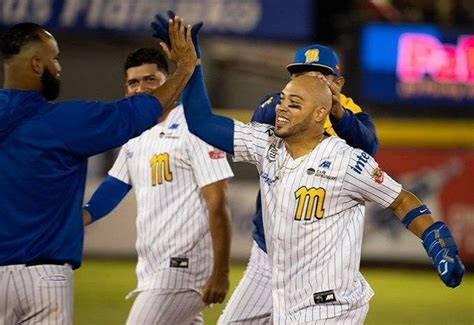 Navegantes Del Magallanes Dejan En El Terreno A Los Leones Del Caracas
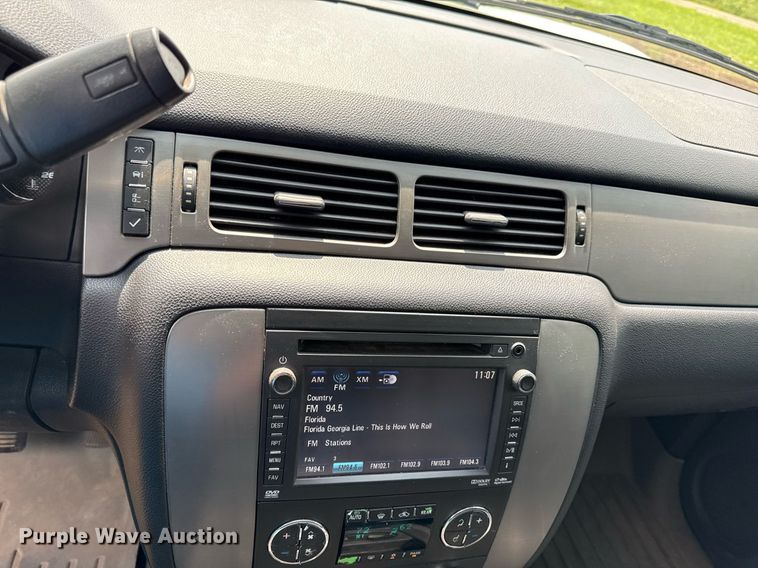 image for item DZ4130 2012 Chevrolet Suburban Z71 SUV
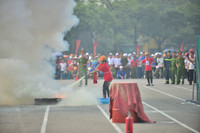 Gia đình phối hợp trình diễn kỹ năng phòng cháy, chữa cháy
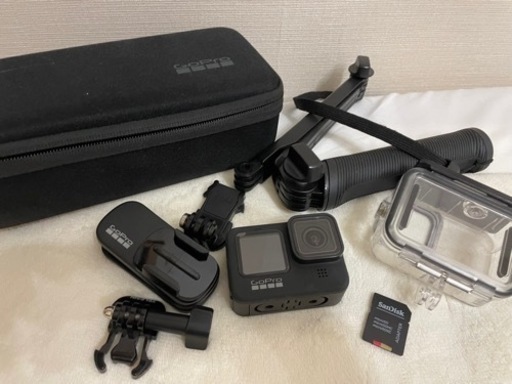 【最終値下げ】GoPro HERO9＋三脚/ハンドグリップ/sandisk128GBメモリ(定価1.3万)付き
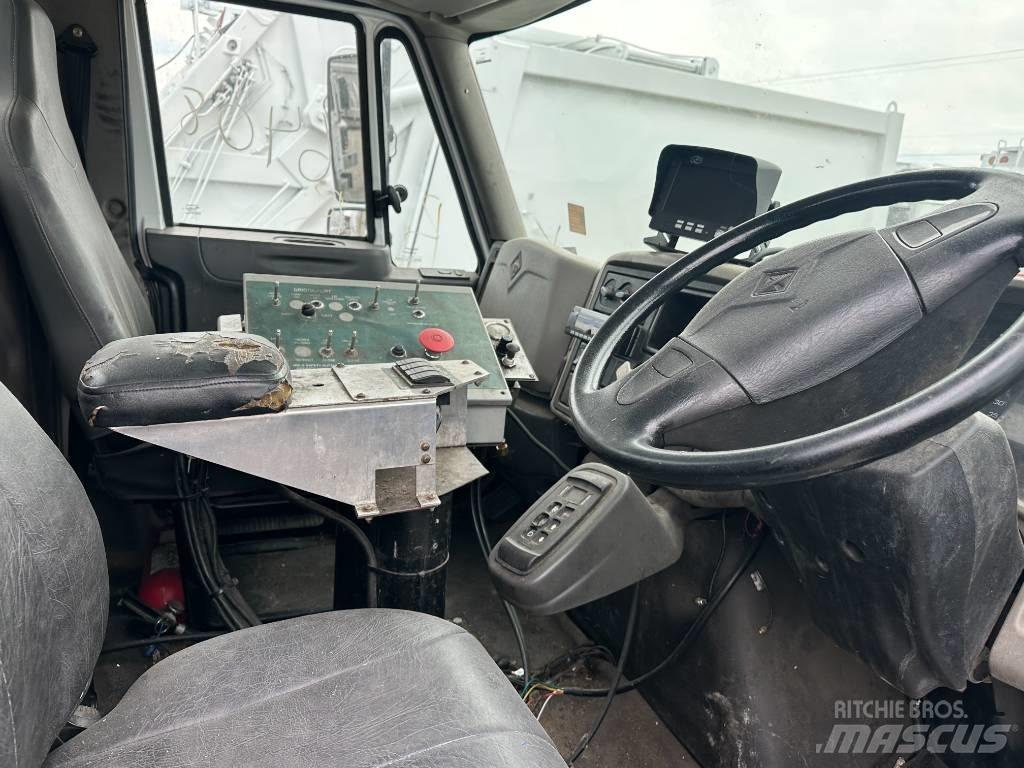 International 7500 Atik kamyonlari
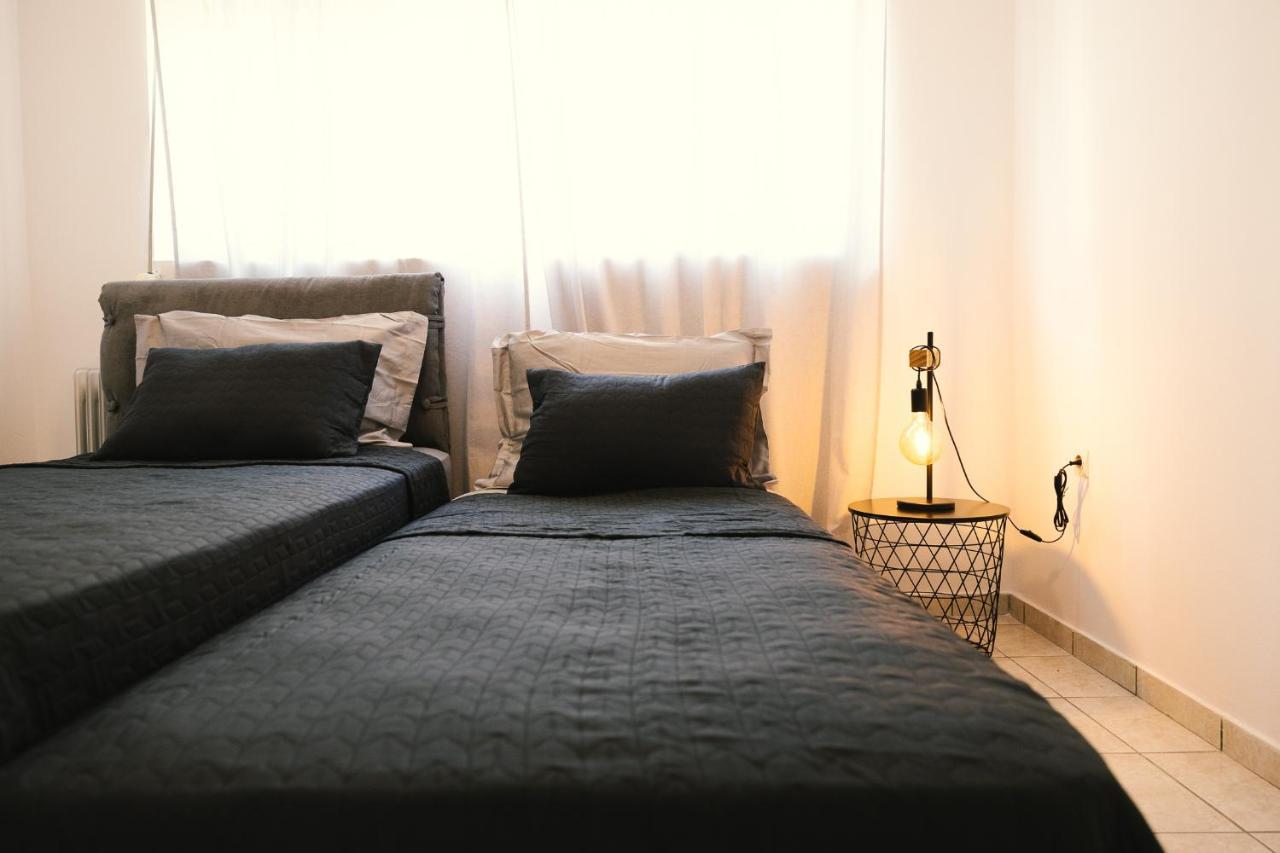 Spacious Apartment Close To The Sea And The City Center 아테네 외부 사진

───

Brief →
Type out the entries again without a single change, and leave the pictures out.

Output of the exercise →
 Navegantes Del Magallanes Dejan En El Terreno A Los Leones Del Caracas
 image for item DZ4130 2012 Chevrolet Suburban Z71 SUV
 Gia đình phối hợp trình diễn kỹ năng phòng cháy, chữa cháy
 【最終値下げ】GoPro HERO9＋三脚/ハンドグリップ/sandisk128GBメモリ(定価1.3万)付き
 International 7500 Atik kamyonlari
 Spacious Apartment Close To The Sea And The City Center 아테네 외부 사진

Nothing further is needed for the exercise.